The opposite phenomenon can be observed in high-tax states. The data show large inflows of taxpayers into high-tax states. From 2015 through 2022, California had inflows of 3 million individuals and New York had inflows of 1.9 million. Most of those inflows were from states with lower or zero tax rates.

The gross inflow and outflow shown in the figure tell us that state income taxes are only a small part of relocation decisions in the aggregate.

Putting it all together, the net inflow data in Table 1 shows that state income taxes affect migration patterns. But the gross inflow and outflow shown in the figure tell us that state income taxes are only a small part of relocation decisions in the aggregate. Those results are consistent with a 2011 study that found that while some high-income earners move to states with lower taxes, the overall effect of tax rates on migration is relatively small. (Cristobal Young and Charles Varner, “Millionaire Migration and State Taxation of Top Incomes: Evidence From a Natural Experiment,” Nat’l Tax J. 255 (June 2011).)

More Perspective

The attention-grabbing numbers in Table 1 are from the four most populous states — California, Texas, Florida, and New York — which by chance are among the states with the highest and lowest tax rates. The effects of taxes on net migrations are pronounced, but are they large in proportion to the size of these states? Table 2 expresses net migration of states as a proportion of the total population of individuals to tax returns in each state.

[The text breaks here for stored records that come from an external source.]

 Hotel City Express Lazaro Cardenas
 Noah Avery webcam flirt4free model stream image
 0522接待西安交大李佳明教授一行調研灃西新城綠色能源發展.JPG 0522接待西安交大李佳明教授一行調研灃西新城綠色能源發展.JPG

Table 2 offers a better perspective on how state income taxes affect net migration. While some states with low tax rates — like Florida and Nevada — still receive a considerable amount of inward net migration relative to their populations, their inflows relative to their sizes are not out of line with states that have significant income tax rates, like South Carolina and Idaho. On the right-hand side of Table 2, we see that high-tax jurisdictions — like the District of Columbia and New York — suffer their share of migration outflows, but so do low-tax states like North Dakota and Louisiana.

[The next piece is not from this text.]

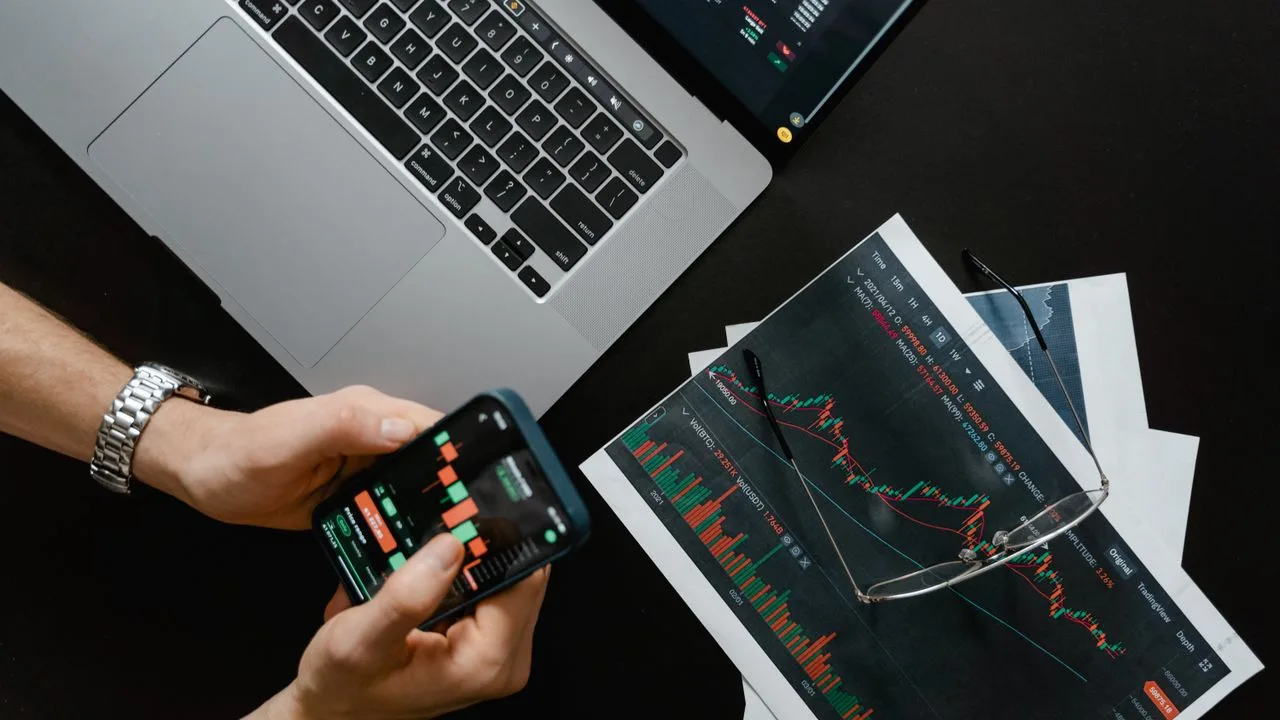 Analytics-Dashboard mit Antwortraten und Vertriebskennzahlen für B2B-Cold-Email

But contrary to the theory of fiscal federalism, three states with low tax rates have net outward migration by households with AGI that exceeds $200,000.

In Table 3 we further explore the available data for evidence of relationships between state individual income tax rates and migration. First, we focus exclusively on the migration of individuals with federal tax returns with more than $200,000 of adjusted gross income. At the top of the table, we can see that states with no income taxes all have net inward migration. But contrary to the theory of fiscal federalism, three states with low rates have net outward migration by households with AGI that exceeds $200,000. Table 3 shows that several states — Oregon and Vermont, for example — on net attract high-income taxpayers despite high income tax rates.


In Table 3 we also compare net migration rates of high-income taxpayers (AGI over 200,000) and lower-income taxpayers (AGI between $25,000 and $50,000). Our expectation is that the top tax rates shown in the table would have a greater effect on the migration behavior of high-income taxpayers. For example, we see that for income over $200,000, Florida has a net inward immigration rate of 3.7 percent. That is much larger than the 0.6 percent rate for low-income households, strongly suggesting that taxes matter in deciding to move to or from Florida.

For high tax-rate states we expect the opposite, and we do observe that, for example, in New Jersey, where high-income taxpayers on net leave the state at a high rate (0.6 percent) relative to low-income taxpayers (0.4 percent). But the expected pattern isn’t always present. For example, in South Carolina and Maine, the net inward migration rate is larger for high-income than low-income taxpayers, despite the relatively high tax rates in those states.

For those seeking clear answers, might we suggest that you can’t escape the complexity of reality? (That’s for politicians and ideologues.) What is the role of state income tax in individuals’ location decisions? Like so many things affected by tax, it seems that interstate migration is sometimes affected by state income taxes, but it’s usually just on the margin.